Principle:Online ml River Online Naive Bayes
| Knowledge Sources | |
|---|---|
| Domains | Online_Learning, Probabilistic_Classification |
| Last Updated | 2026-02-08 18:00 GMT |
Overview
Naive Bayes classifiers are a family of probabilistic models that apply Bayes' theorem with the naive assumption that features are conditionally independent given the class label. Despite this strong assumption, Naive Bayes classifiers perform remarkably well in practice, especially for text classification, spam filtering, and other high-dimensional problems.

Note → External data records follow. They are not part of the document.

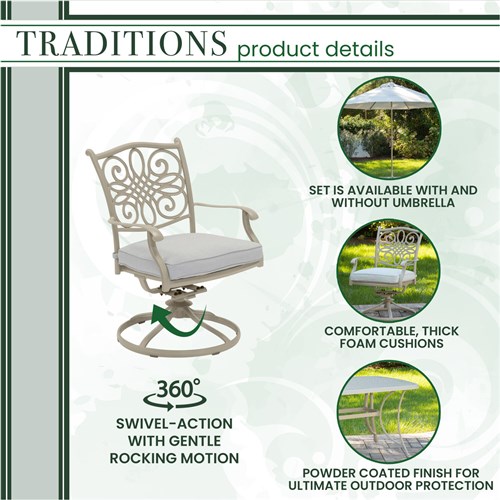 Traditions 5 Piece Dining Set - Image 22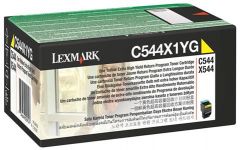 Toner Laser Lexmark C544X1Y Yellow High Yield 4K Pgs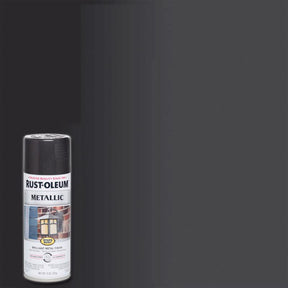 Rust-Oleum Stops Rust Metallic Black Night Metallic Spray Paint 11 oz
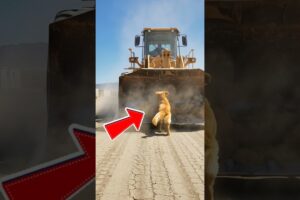 Brave Golden Retriever Saves a Wheel Loader Operator #dog #goldenretriever #rescue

Naive Bayes is inherently well-suited to online learning because updating the model requires only updating sufficient statistics (counts, sums, sums of squares) for each class-feature pair, making it naturally incremental with constant memory per update.
Theoretical Basis
The posterior probability of class c given features x_1, ..., x_d is:
P(c | x) = P(c) * product_{i=1}^{d} P(x_i | c) / P(x)

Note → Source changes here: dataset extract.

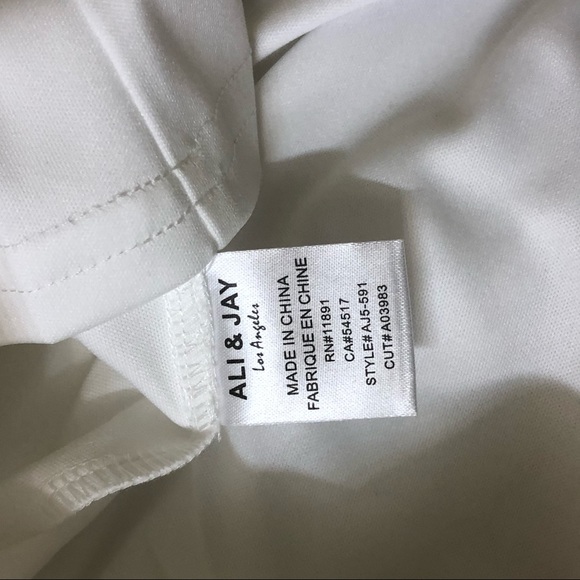 NWT Ali & Jay White Cutout Mini Dress Size Medium - Picture 7 of 8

Since P(x) is constant across classes, classification selects the class maximizing the numerator.
Variant: Multinomial Naive Bayes
Assumes features are counts (e.g., word frequencies). The likelihood is modeled as a multinomial distribution. Sufficient statistics are per-class feature counts, updated additively with each new document.
Variant: Gaussian Naive Bayes
Assumes each feature follows a Gaussian distribution per class. Sufficient statistics are the running mean and variance for each feature-class pair, updated incrementally using Welford's algorithm or similar.
Variant: Bernoulli Naive Bayes
Assumes binary features (presence/absence). The likelihood is a product of Bernoulli distributions. This variant explicitly penalizes the absence of features, unlike the multinomial model.
Variant: Complement Naive Bayes
Estimates parameters from the complement of each class (all classes except c). This corrects for the systematic bias of standard multinomial NB on imbalanced datasets and often yields improved accuracy.
Online Update Properties
- Constant time per update: Each observation updates only the counters for the observed class.
- No retraining: Sufficient statistics are additive, so the model never needs a full re-computation.
- Laplace smoothing: A small constant is added to counts to avoid zero probabilities for unseen feature-class pairs.